• **Directions for this task**
Without including any pictures, write out the listing below exactly.

(Provided data Opens)

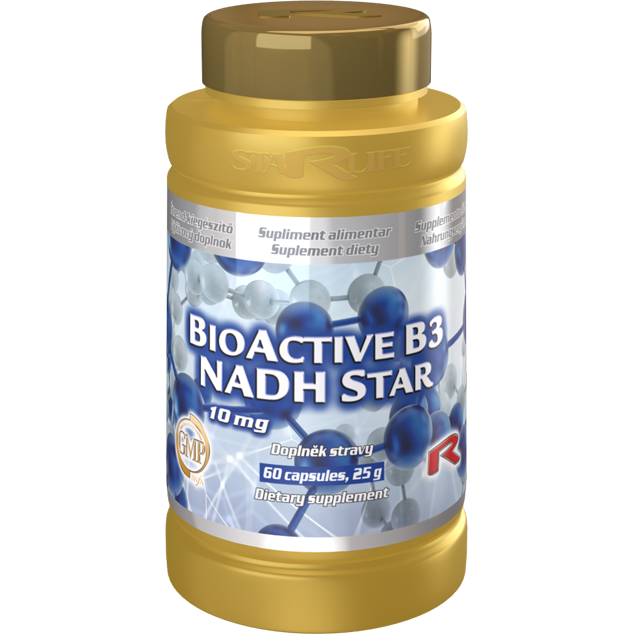 BIOACTIVE B3 NADH STAR, 60 kapslí – energie pro buňky a mozek.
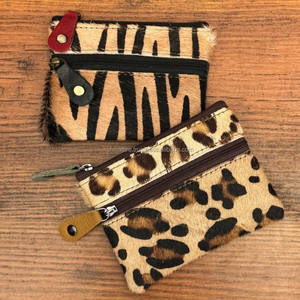 2025กระเป๋าสตางค์ใส่เหรียญของผู้หญิงกระเป๋าใส่เหรียญหนังแท้พิมพ์ลายสัตว์มีซิปขนาดเล็กกระเป๋าใส่เหรียญกระเป๋าถือแบบข้อมือ - Product Image 4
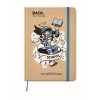 Notebook A5 din hârtie reciclată - Everwrite, Albastru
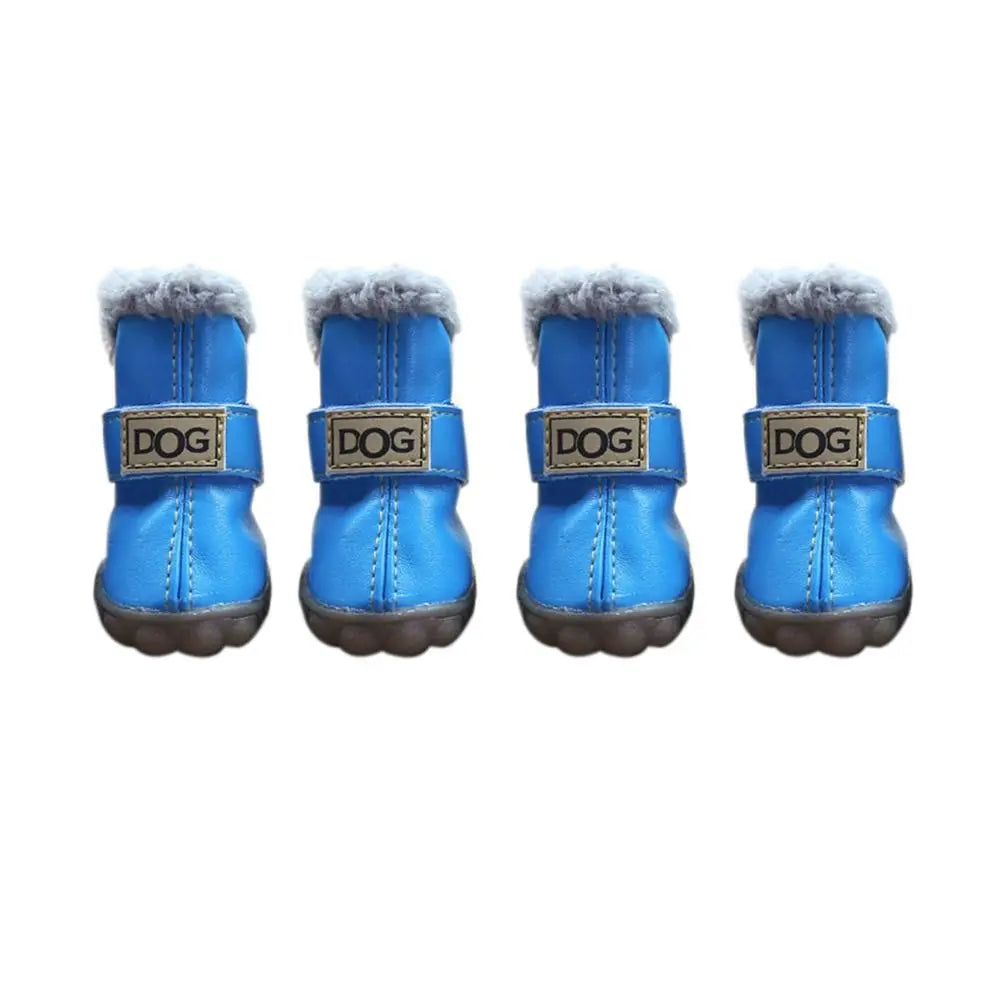 KinzoPaws 4Pcs Non-SlipSnow Winter Dog Boots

(Provided data Closes)

• **Exercise answer**
 BIOACTIVE B3 NADH STAR, 60 kapslí – energie pro buňky a mozek.
 2025กระเป๋าสตางค์ใส่เหรียญของผู้หญิงกระเป๋าใส่เหรียญหนังแท้พิมพ์ลายสัตว์มีซิปขนาดเล็กกระเป๋าใส่เหรียญกระเป๋าถือแบบข้อมือ - Product Image 4
 Notebook A5 din hârtie reciclată - Everwrite, Albastru
 KinzoPaws 4Pcs Non-SlipSnow Winter Dog Boots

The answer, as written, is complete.